IAMSyntheticParagraphsDataset.__getitem__??

In [None]:
import wandb  # for the convenient method to visualize Tensors as images

from text_recognizer.data import IAMSyntheticParagraphs

iam_synthetic_paragraphs = IAMSyntheticParagraphs()

iam_synthetic_paragraphs.prepare_data()
iam_synthetic_paragraphs.setup()


wandb.Image(iam_synthetic_paragraphs.data_train[0][0]).image

This additional synthetic data doesn't quite look like
the real data we expect to see in production,
nor is it entirely different from the data we already collected,
but it's sufficient to help our model learn better.

# FSDL Handwriting Dataset: From images to an annotated dataset

Above, we relied on an existing dataset,
already cleanly organized into images
and associated annotation files.

But data does not come to us like this.

Model inputs are generally collected or measured from the world somehow,
and annotations are often collected from humans.

Let's now walk through how that's done.

We'll use a dataset of text prompts
and handwritten responses collected during the 2019 edition of FSDL.
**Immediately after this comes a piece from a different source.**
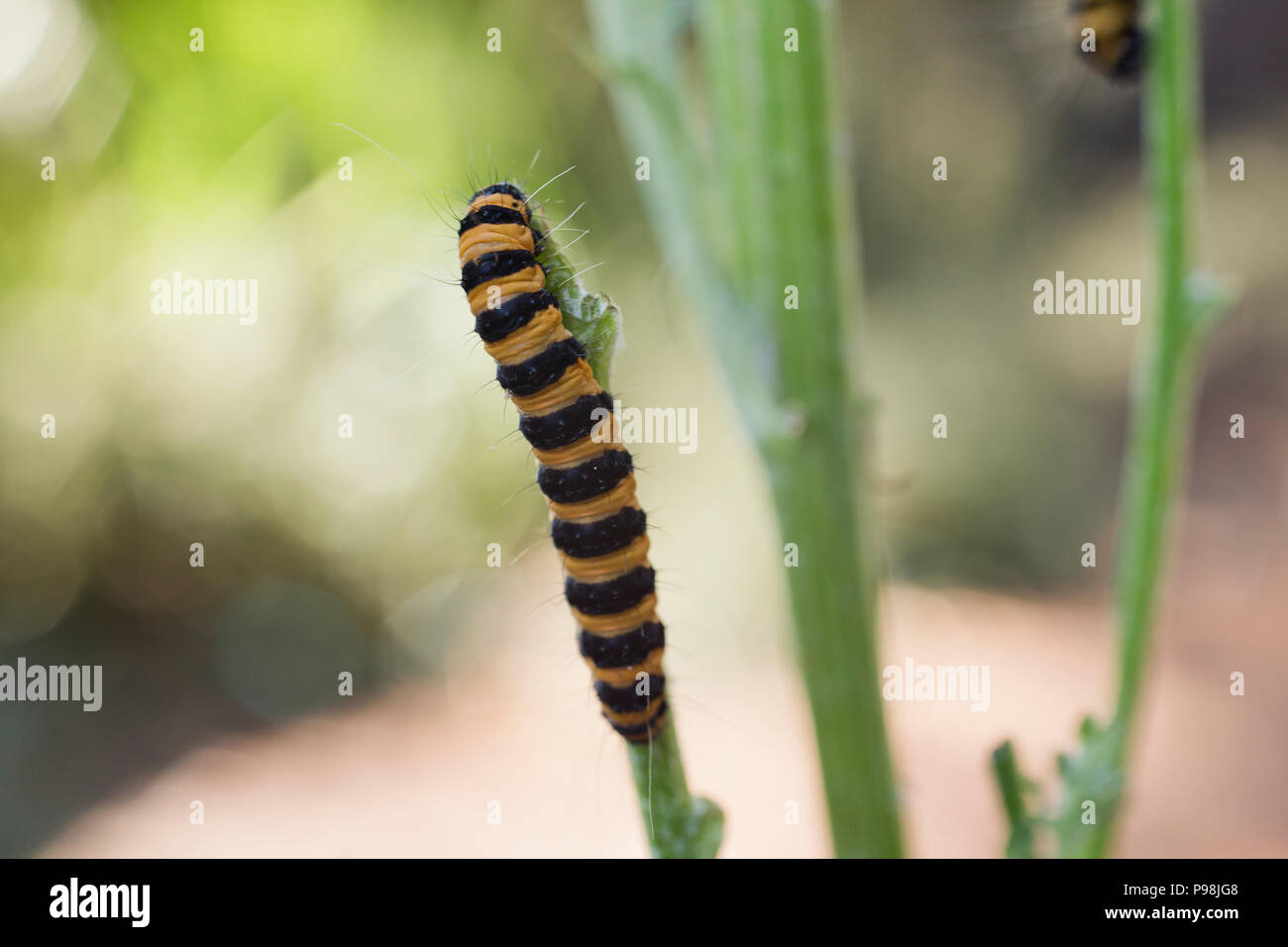 Il giallo e il nero rosso cinabro caterpillar alimentazione su un impianto di erba tossica Foto Stock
## Handling Data with AWS S3

We begin a few steps after the beginning:
data has been collected from humans who were tasked with
writing out text prompts by hand on paper forms,
and those forms were scanned and digitized.

The digitized forms were placed in storage on Amazon Web Services'
Simple Storage Service, aka S3,
which is a form of
[object storage](https://en.wikipedia.org/wiki/Object_storage).

Objects are placed into _buckets_.
Buckets are, under the hood, totally flat,
unlike the tree-structured storage we have in filesystems.
Buckets cannot contain buckets, only objects.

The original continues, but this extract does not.